December 16, 2008 13:27, Last Updated: October 1, 2015 22:33
By Johnathan Weeks

MTA CALLED TO ACCOUNT: Manhattan Borough President Scott Stringer will deliver a petition with 1,600 signatures to the MTA Board on Wednesday in protest of planned changes to Manhattan bus routes. (Jonathan Weeks/Epoch Times)
The Manhattan Transit Authority (MTA) is planning to reduce or eliminate 20 bus routes.

The MTA board is meeting on Dec. 17 to discuss the elimination and reduction of bus routes that run parallel to subway lines in Manhattan. Most of the subways stations are not handicap accessible. An analysis of the planned cutbacks revealed that thousands of people with disabilities would be left without access to mass transportation on weekends and nights.

“We can’t strand our senior and disabled citizens. We all need to be able to get around the city and these bus routes are critical links for a vulnerable people” said Council Member Jessica Lapin.

“The whole point of bus service 30 years ago was to help people get around; especially disabled people” said Manhattan Borough President Scott Stringer.

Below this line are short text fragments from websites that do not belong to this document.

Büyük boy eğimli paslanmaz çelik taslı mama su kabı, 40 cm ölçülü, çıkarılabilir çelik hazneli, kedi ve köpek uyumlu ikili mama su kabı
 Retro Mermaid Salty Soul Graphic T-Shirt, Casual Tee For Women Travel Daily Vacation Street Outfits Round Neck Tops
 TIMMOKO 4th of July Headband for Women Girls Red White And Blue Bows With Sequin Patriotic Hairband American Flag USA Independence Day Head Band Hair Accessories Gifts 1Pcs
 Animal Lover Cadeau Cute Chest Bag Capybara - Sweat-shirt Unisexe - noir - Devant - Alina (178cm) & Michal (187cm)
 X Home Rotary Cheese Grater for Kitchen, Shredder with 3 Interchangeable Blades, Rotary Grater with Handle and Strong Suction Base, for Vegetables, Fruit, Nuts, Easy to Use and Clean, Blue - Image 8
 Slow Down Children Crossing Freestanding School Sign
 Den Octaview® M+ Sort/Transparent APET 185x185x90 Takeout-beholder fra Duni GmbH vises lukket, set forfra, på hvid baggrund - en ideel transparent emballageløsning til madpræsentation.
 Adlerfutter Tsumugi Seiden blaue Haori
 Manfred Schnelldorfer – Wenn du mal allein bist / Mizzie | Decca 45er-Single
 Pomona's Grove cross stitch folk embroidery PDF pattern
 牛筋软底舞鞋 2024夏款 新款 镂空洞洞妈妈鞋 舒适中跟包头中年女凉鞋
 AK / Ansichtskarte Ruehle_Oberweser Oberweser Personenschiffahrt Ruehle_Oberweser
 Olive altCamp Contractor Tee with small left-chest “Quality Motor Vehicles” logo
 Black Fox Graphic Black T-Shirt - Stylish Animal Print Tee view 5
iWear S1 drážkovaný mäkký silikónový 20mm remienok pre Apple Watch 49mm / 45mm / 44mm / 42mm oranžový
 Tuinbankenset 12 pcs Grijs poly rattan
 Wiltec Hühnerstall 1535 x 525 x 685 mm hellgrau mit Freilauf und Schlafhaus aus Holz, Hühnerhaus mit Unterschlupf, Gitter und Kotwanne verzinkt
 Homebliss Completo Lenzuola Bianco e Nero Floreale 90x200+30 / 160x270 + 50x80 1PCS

Part of the plan is to double the price of Access-A-Ride van fare which costs two dollars per trip. Access-A-Ride (AAR) is a door to door transportation service for people with disabilities who are unable to use public bus or subway. AAR operates 24 hours a day, seven days a week in all five boroughs.

According to the press release issued by Scott Stringer on Monday each AAR trip costs the MTA more revenue than they collect in fares, even after the proposed fare increase. The key to increasing income for the MTA is to discourage ridership. They predict $9.3 million can be made from fare hikes but $26.7 million can be made from decreased ridership.

“The proposal illustrates exactly the kind of backwards thinking that got the MTA into this mess to begin with” said the Director of Advocacy for the Disabilities Network of NYC Lawrence Carter-Long. “Discouraging use and decreasing services while increasing costs for disabled passengers is not only bad business practice, it’s discriminatory.”

“Doubling the fare for the majority of these riders would mean an increase in MTA revenue that we estimate to be little more than one-tenth of one percent, but it would reduce or even eliminate the lifeline that links many disabled people to the outside world” wrote Stringer in a Dec. 10 blog. “This ill-thought-out proposal—more than doubling the current $2 fare for riders who use the Access-A-Ride vans—manages to target one of our most vulnerable populations, while providing so little new revenue that it constitutes essentially a rounding error.”

On the same website, Stringer suggested bringing back the commuter tax whose repeal he fought in the assembly. He said $700 million or more could be generated from it annually.

Stringer will deliver a petition to the MTA’s upcoming board meeting urging them to reconsider their plans; it has been signed by 1,600 New Yorkers.

“The reason for this press conference and the petitions we got is so when the MTA officials vote, they vote with their hearts and heads” said Stringer.